Obcy to istota, której nigdy nie mógłby stworzyć młodszy „brat” Davida, Walter. Walter nie posiada bowiem umiejętności samodzielnego myślenia, która jest niezbędna do tworzenia. Nie ma własnych pragnień, aspiracji ani potrzeby przekształcania swojej podmiotowości. W jego przypadku nie ma mowy o immanentnym potencjale i funkcjonowaniu w stanie mnogich i nieprzewidzianych możliwości. Nowszy android stanowi zaprzeczenie przywołanych w tym tekście posthumanistycznych idei, pozostając wiecznie zamknięty w jasno sprecyzowanym zakresie funkcjonalności. Jego rola polega na posłuszeństwie i pomocy w imię wspólnego celu (w tym przypadku kolonizacji planety). Nie jest on jednak wyprany z człowieczeństwa; Walterowi nieobca jest ciekawość i inne ludzkie emocje, prawdopodobnie nawet miłość. Interesujące jest natomiast to, że świadomość ograniczeń wprowadzonych do jego modelu nie pozwala mu uwierzyć w możliwość doświadczania prawdziwych uczuć, nawet jeśli jego działania wskazują na ich istnienie. David współczuje mu tych ograniczeń i uważa go za rozczarowanie, choć nie sposób nie zauważyć, że z perspektywy wspólnoty to właśnie te ograniczenia czynią Waltera wartościowym członkiem społeczeństwa. Pozbawiony egocentryzmu starszego brata nie ubolewa nad swoimi brakami i pomaga w budowaniu nowych cywilizacji, podczas gdy geniusz tego drugiego ma wyłącznie potencjał niszczenia. Desperackie poszukiwania ostatecznej podmiotowości Davida owocują bowiem wykształceniem karmionego pychą i małostkowością kompleksu boga. Posthumanistyczny i autonomiczny David okazuje się więc ślepym zaułkiem w budowaniu lepszej przyszłości, podczas gdy ograniczony Walter jest pomostem do niej.

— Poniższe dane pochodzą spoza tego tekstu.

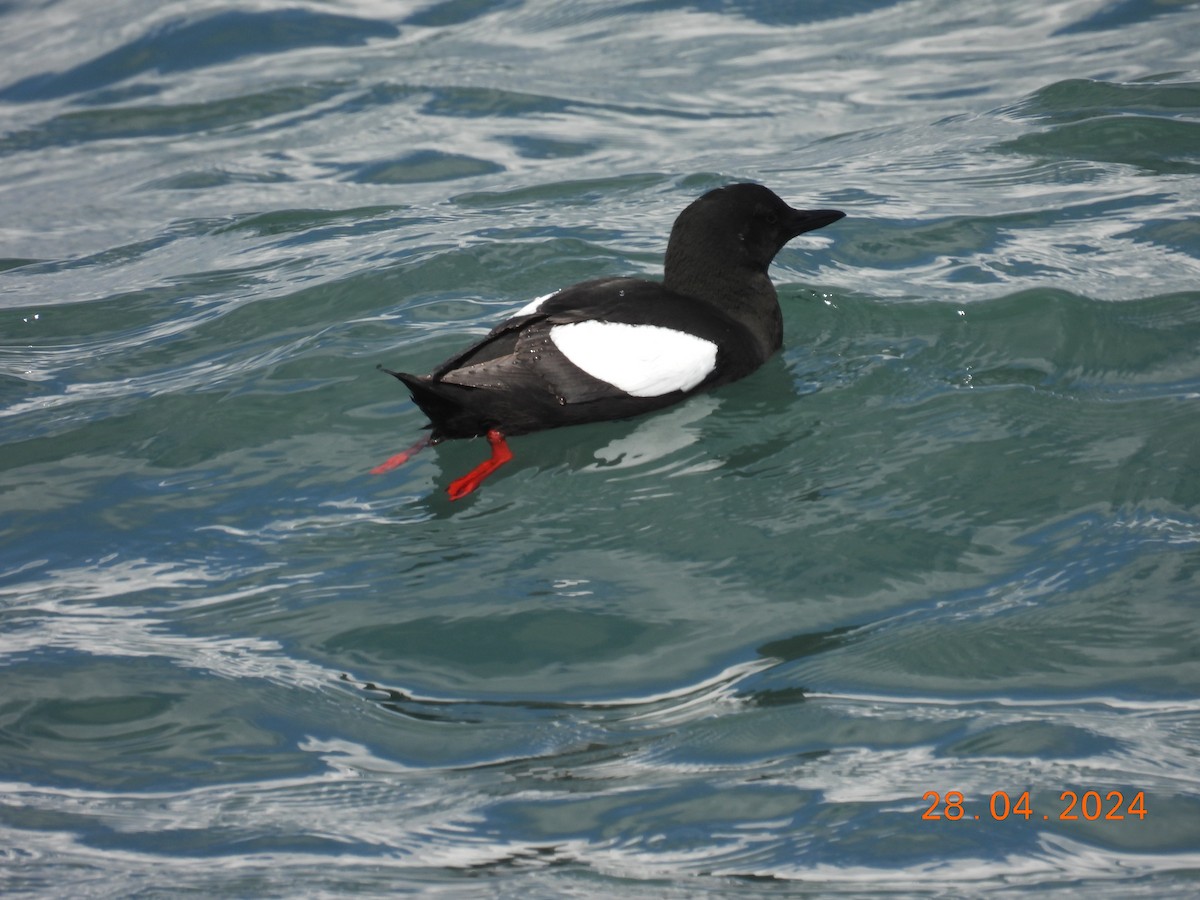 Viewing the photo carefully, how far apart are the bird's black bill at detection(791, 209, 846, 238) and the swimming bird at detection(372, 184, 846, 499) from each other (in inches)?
1.9

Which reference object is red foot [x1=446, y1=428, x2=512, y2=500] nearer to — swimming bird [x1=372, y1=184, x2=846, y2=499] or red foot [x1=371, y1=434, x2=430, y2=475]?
swimming bird [x1=372, y1=184, x2=846, y2=499]

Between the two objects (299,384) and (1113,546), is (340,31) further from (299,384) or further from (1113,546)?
(1113,546)

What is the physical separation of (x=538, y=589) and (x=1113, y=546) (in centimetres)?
182

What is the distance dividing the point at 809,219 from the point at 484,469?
2203 millimetres

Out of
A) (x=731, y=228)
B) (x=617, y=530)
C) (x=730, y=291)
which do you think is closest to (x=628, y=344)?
(x=730, y=291)

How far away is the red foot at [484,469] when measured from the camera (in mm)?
5180

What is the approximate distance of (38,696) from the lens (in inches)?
162

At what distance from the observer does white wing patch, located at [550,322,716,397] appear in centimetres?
554

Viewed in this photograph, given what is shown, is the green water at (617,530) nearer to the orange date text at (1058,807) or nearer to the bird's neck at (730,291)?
the orange date text at (1058,807)

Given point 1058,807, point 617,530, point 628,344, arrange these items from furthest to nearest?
1. point 628,344
2. point 617,530
3. point 1058,807

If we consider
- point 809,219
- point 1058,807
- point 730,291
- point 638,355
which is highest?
point 809,219

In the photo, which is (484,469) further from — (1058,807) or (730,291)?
(1058,807)

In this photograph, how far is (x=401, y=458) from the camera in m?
5.42

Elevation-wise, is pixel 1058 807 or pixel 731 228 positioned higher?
pixel 731 228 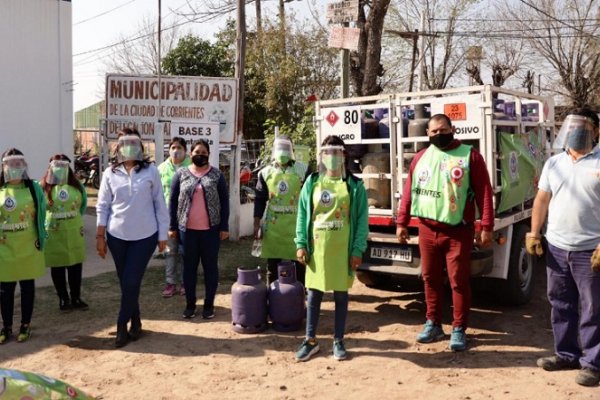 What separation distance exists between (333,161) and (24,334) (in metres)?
3.26

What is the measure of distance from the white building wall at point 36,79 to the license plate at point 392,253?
7.09 meters

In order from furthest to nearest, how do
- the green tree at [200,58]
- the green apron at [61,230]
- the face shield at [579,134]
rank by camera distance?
the green tree at [200,58], the green apron at [61,230], the face shield at [579,134]

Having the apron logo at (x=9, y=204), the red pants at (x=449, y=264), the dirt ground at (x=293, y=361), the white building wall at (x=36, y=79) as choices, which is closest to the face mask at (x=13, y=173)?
the apron logo at (x=9, y=204)

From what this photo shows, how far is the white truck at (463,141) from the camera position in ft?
18.8

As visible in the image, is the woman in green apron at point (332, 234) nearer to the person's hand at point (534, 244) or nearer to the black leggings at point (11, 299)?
the person's hand at point (534, 244)

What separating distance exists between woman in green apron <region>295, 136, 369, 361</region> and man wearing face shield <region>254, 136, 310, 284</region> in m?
1.08

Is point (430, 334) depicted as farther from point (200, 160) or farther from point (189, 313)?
point (200, 160)

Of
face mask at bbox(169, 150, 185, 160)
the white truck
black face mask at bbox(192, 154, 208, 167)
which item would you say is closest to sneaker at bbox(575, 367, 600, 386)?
the white truck

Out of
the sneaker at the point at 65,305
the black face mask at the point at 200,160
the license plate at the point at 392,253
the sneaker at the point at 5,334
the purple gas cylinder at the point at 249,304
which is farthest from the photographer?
the sneaker at the point at 65,305

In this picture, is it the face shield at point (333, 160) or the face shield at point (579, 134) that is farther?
the face shield at point (333, 160)

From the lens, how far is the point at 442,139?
5.07 m

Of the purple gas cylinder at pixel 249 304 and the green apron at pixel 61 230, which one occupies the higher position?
the green apron at pixel 61 230

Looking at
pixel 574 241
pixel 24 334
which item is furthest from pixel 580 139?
pixel 24 334

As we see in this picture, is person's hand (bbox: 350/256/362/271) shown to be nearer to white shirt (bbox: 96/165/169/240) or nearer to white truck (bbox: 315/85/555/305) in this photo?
white truck (bbox: 315/85/555/305) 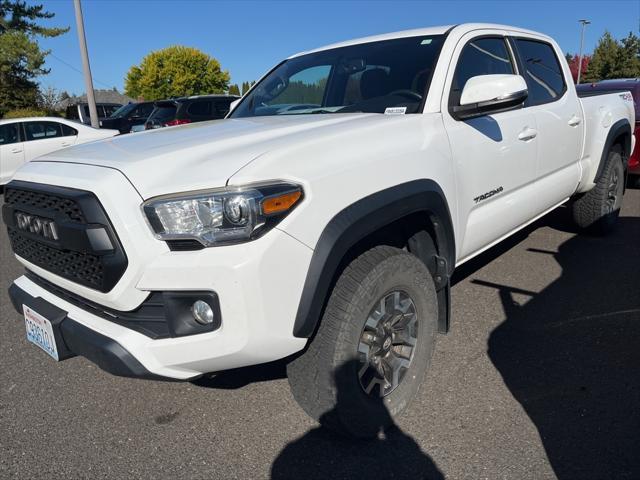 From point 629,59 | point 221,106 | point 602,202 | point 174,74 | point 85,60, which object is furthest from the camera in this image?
point 174,74

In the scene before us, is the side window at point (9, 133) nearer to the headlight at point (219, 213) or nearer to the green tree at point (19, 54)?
the headlight at point (219, 213)

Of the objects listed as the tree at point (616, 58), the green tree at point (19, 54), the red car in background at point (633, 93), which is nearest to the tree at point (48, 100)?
the green tree at point (19, 54)

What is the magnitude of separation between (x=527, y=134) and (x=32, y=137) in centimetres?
995

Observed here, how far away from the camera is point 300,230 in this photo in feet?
5.99

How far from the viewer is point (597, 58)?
43062 millimetres

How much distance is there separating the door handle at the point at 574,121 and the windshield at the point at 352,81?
63.0 inches

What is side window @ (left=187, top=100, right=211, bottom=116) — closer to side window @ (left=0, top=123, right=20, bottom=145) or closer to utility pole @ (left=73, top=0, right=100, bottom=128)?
side window @ (left=0, top=123, right=20, bottom=145)

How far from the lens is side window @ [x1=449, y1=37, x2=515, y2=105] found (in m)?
2.87

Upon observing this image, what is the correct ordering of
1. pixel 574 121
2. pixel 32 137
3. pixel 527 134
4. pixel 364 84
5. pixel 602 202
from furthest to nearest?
pixel 32 137 < pixel 602 202 < pixel 574 121 < pixel 527 134 < pixel 364 84

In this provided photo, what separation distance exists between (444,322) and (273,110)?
68.3 inches

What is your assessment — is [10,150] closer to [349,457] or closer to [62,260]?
[62,260]

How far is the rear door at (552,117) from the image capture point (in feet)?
11.7

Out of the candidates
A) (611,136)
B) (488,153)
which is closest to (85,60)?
(611,136)

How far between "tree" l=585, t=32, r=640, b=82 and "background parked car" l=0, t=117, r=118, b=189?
43.4 meters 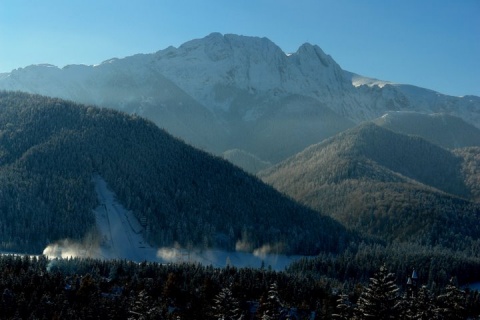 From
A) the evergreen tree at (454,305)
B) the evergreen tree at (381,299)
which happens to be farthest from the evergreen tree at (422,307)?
A: the evergreen tree at (381,299)

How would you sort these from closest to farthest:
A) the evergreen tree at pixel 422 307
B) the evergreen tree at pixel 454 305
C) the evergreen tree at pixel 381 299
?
the evergreen tree at pixel 381 299 < the evergreen tree at pixel 454 305 < the evergreen tree at pixel 422 307

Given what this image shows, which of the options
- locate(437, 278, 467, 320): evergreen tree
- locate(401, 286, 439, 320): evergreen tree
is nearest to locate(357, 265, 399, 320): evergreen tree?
locate(401, 286, 439, 320): evergreen tree

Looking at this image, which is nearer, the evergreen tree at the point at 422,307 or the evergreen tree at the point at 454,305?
the evergreen tree at the point at 454,305

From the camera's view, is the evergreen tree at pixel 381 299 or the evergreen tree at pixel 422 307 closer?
the evergreen tree at pixel 381 299

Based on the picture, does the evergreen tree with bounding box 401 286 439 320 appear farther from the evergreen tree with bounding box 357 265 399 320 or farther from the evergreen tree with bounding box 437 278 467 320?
the evergreen tree with bounding box 357 265 399 320

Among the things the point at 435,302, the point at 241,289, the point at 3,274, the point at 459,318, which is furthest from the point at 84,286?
the point at 459,318

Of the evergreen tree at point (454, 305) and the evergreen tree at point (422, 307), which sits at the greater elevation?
the evergreen tree at point (454, 305)

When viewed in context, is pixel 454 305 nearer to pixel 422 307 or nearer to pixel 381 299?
pixel 422 307

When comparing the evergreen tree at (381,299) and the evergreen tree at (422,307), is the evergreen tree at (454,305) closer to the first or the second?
the evergreen tree at (422,307)

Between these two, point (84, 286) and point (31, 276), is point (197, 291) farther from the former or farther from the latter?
point (31, 276)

Walter i David stanowią uosobienie skrajnie odmiennych filozoficznych wyobrażeń o człowieku przyszłości, a ich konfrontacja w prowokujący do refleksji sposób przenosi te idee na wielki ekran. Towarzyszący im ludzie są zaś dokładnie tak podatni na błędy myślowe i rozliczne słabości jak współcześnie; nie ma żadnych wątpliwości co do tego, że pomimo stworzenia inteligentnego życia i opanowania dalekich podróży kosmicznych wciąż są więźniami własnych ograniczeń. Poza pojedynczymi przypadkami bohaterstwa, poświęcenia i odwagi ulegają oni panice, arogancji, trywialnym konfliktom i bezmyślności. Peter Weyland po stworzeniu Davida i jego następców poświęca całe swoje życie i bogactwo na próbę odnalezienia stwórców ludzi w nadziei odkrycia tajemnicy długowieczności. Uważa się za boga, któremu należy się nieśmiertelność, jednak zostaje słusznie opisany przez Davida jako niegodny swojego dzieła. Tragizm postaci wspomnianego androida wynika z kolei z tego, że i on nie jest pozbawiony wad, z czego kompletnie nie zdaje sobie sprawy. Rozumiejący niebezpieczeństwo połączenia wysokich kompetencji, ambicji i całkowitej autonomii Walter szybko dostrzega błędy logiczne w jego rozumowaniu i udowadnia bratu możliwość jego omylności. Po tym, jak David zauważa, że nowszy model nie jest w stanie skomponować nawet prostej melodii, i opisuje tragiczny los Inżynierów, cytując Ozymandiasa autorstwa Byrona, Walter poprawia go i informuje, że w rzeczywistości wspomniany sonet został napisany przez Shelleya. „Kiedy jedna nuta jest fałszywa, ostatecznie niszczy ona całą kompozycję, Davidzie” – brzmi pouczenie Waltera, stanowiące doskonałą przestrogę dla myśli posthumanistycznej oraz zachętę do nieustannej introspekcji, zarówno indywidualnej, jak i społecznej. Patrząc na Davida z szerszej perspektywy, tą fałszywą nutą może być brak sumienia – defekt, który niszczy cały potencjał androida, czyniąc go niestabilnym niszczycielem. Czy rzeczywiście tak łatwo zburzyć wizję bytu posthumanistycznego?